ABOUT THIS TASK
Word for word, restate the records from their first line through the line with "Snapshot of mel_candi94", both ends included; omit each picture.

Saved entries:
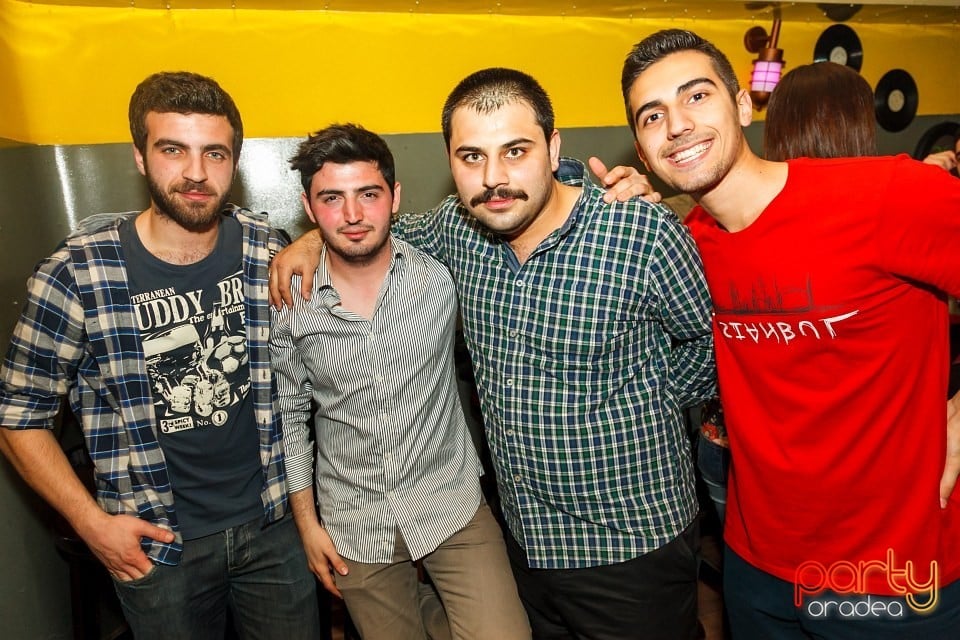 Distracţie şi voie bună în Yellow, 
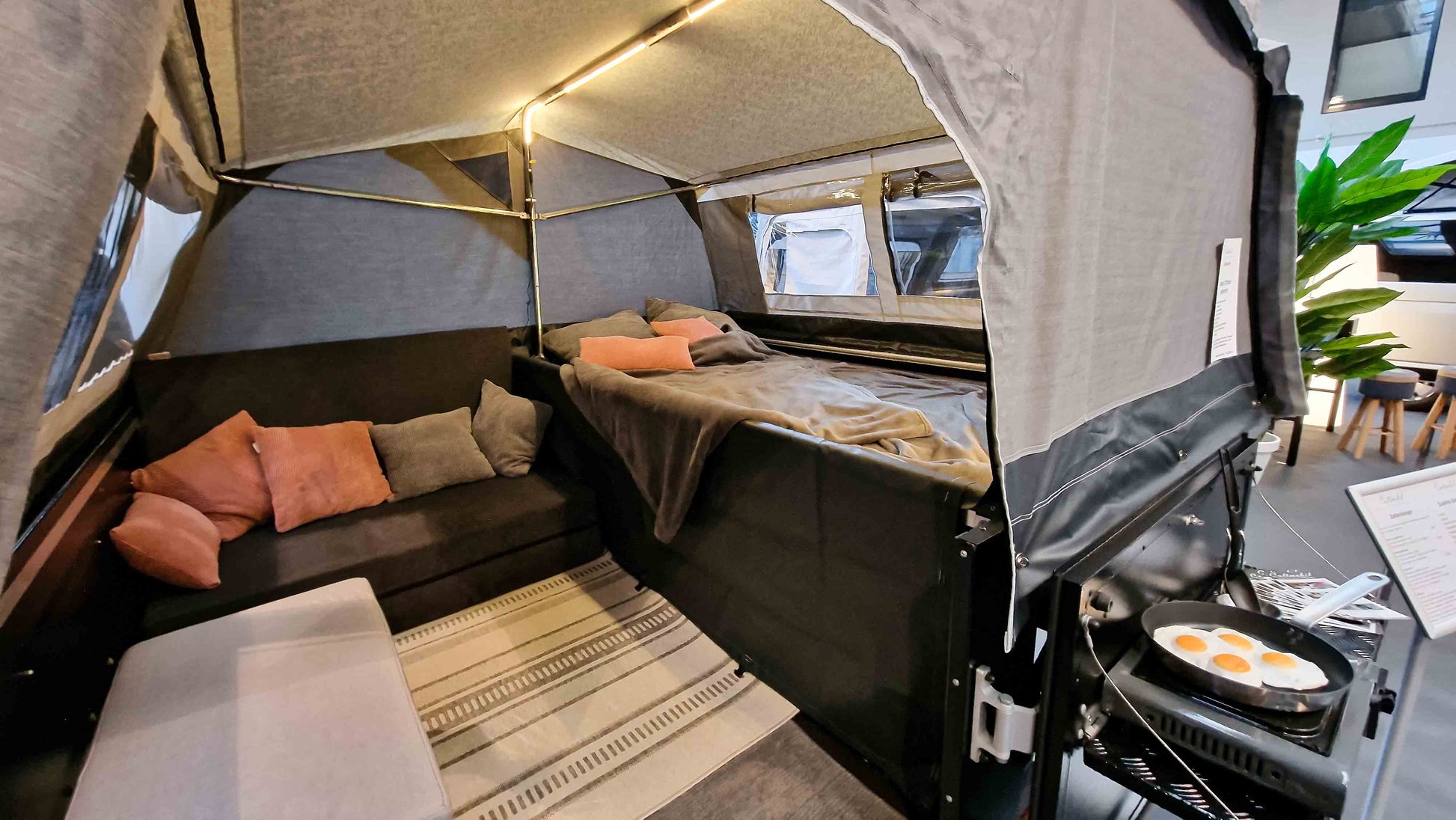 Innenansicht eines Campinganhängers mit Sitz und Schlafgelegenheit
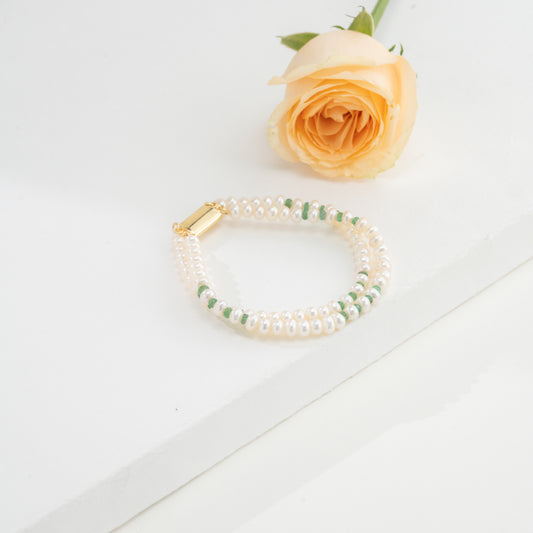 Natural Emerald White Button Pearl Bracelet
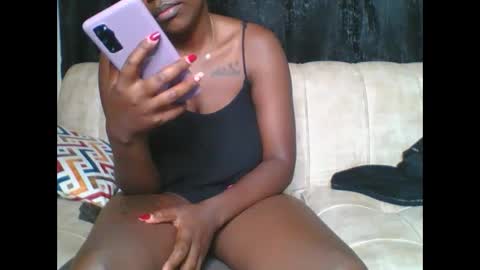 Snapshot of mel_candi94 chatting on March 5, 2025, 6:12 am pretty online show from March 5, 2025, 6:12 am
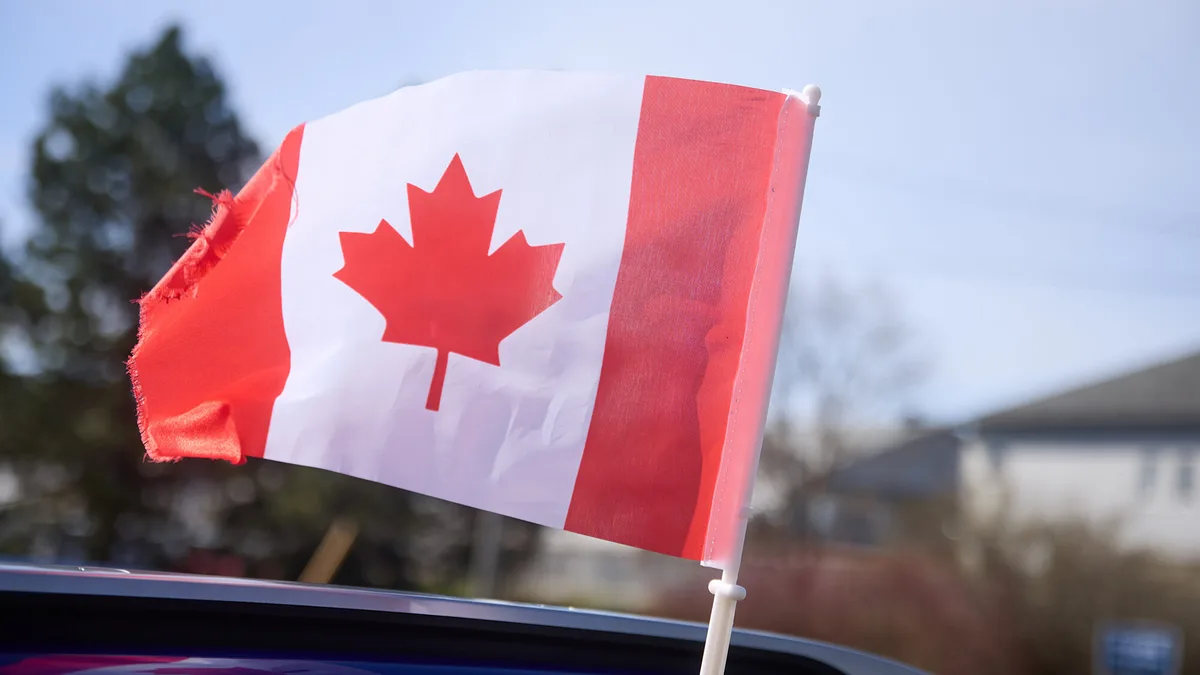 Canadá anuncia tarifas retaliatórias de até 50% contra EUA
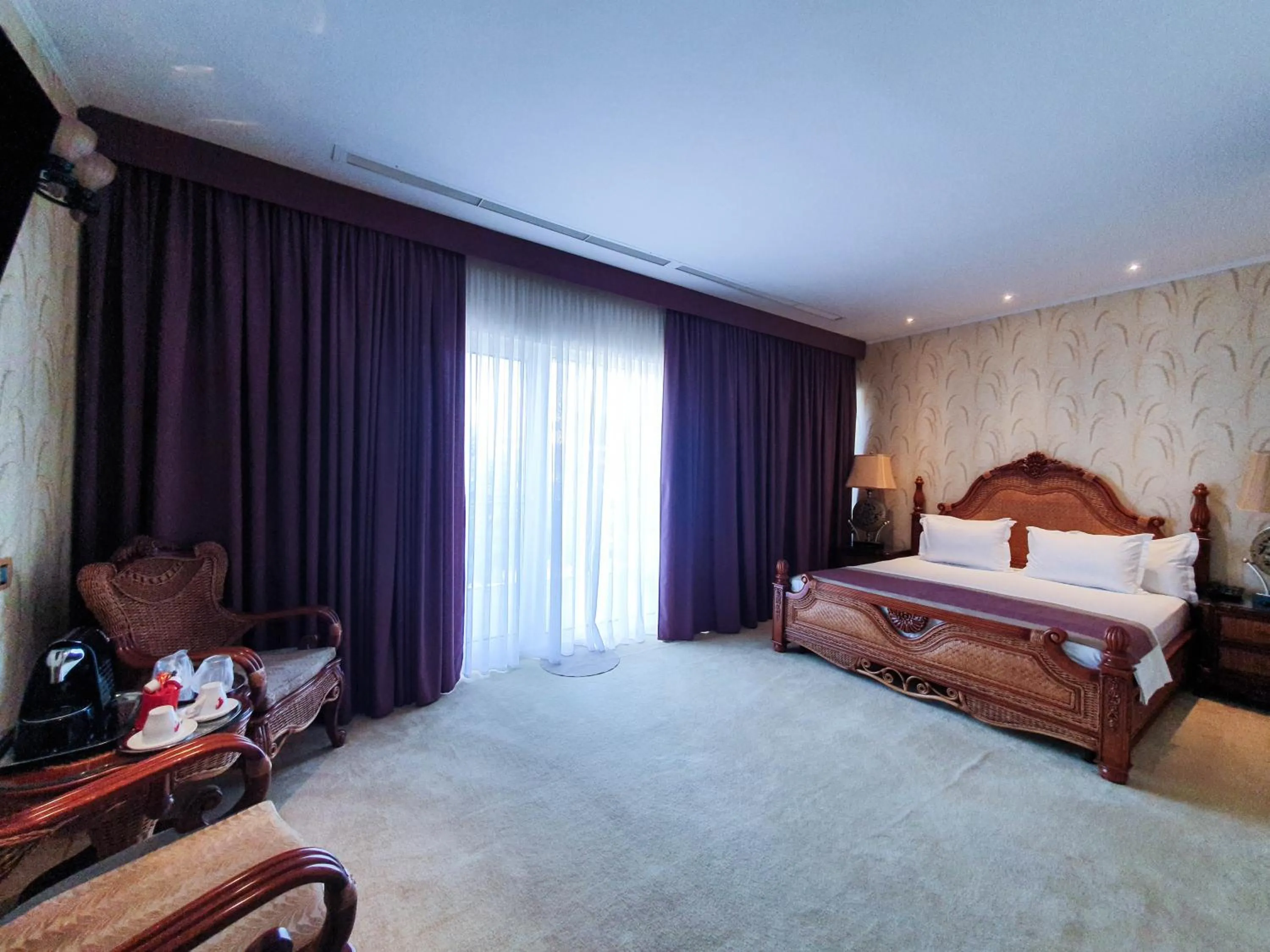 Bed in Bavaria Blu Hotel and Conference Centre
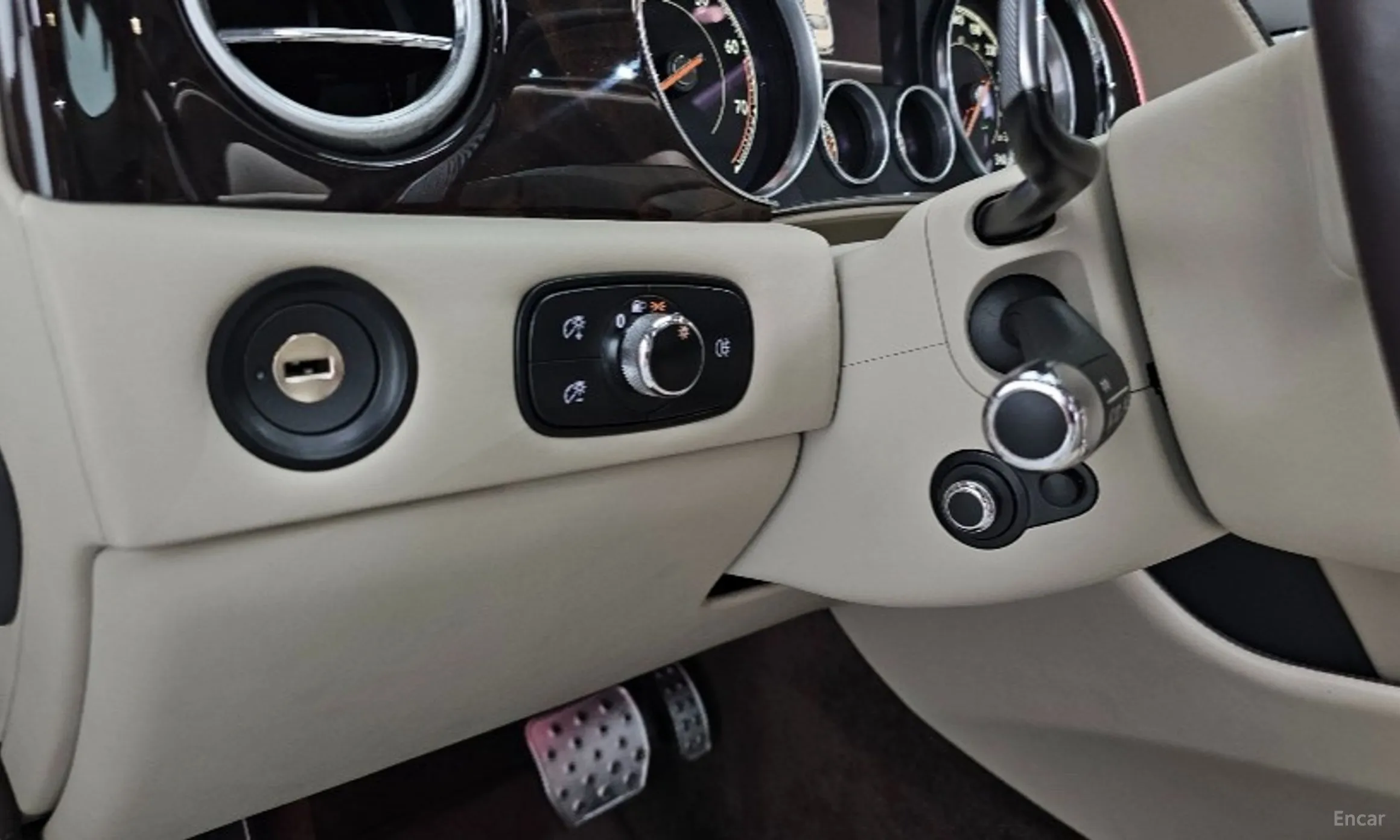 Bentley Flying Spur 2nd Generation превью 18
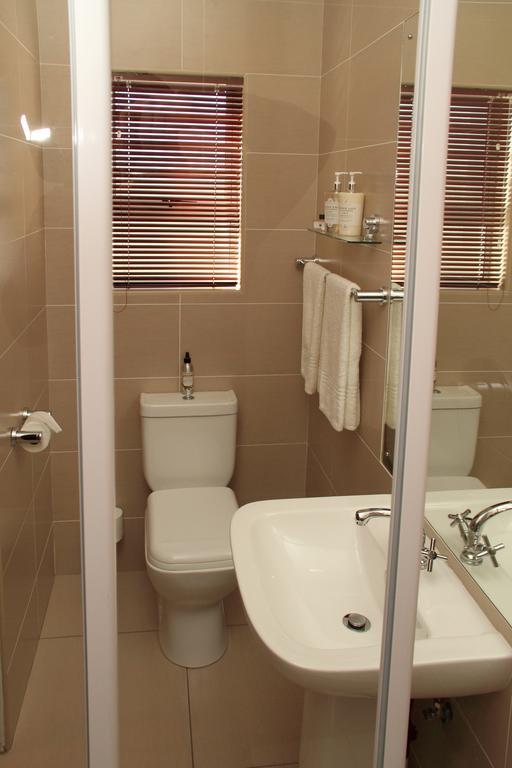 Presidensie Guest Rooms Potchefstroom Esterno foto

ANSWER AREA
 Distracţie şi voie bună în Yellow, 
 Innenansicht eines Campinganhängers mit Sitz und Schlafgelegenheit
 Natural Emerald White Button Pearl Bracelet
 Snapshot of mel_candi94 chatting on March 5, 2025, 6:12 am pretty online show from March 5, 2025, 6:12 am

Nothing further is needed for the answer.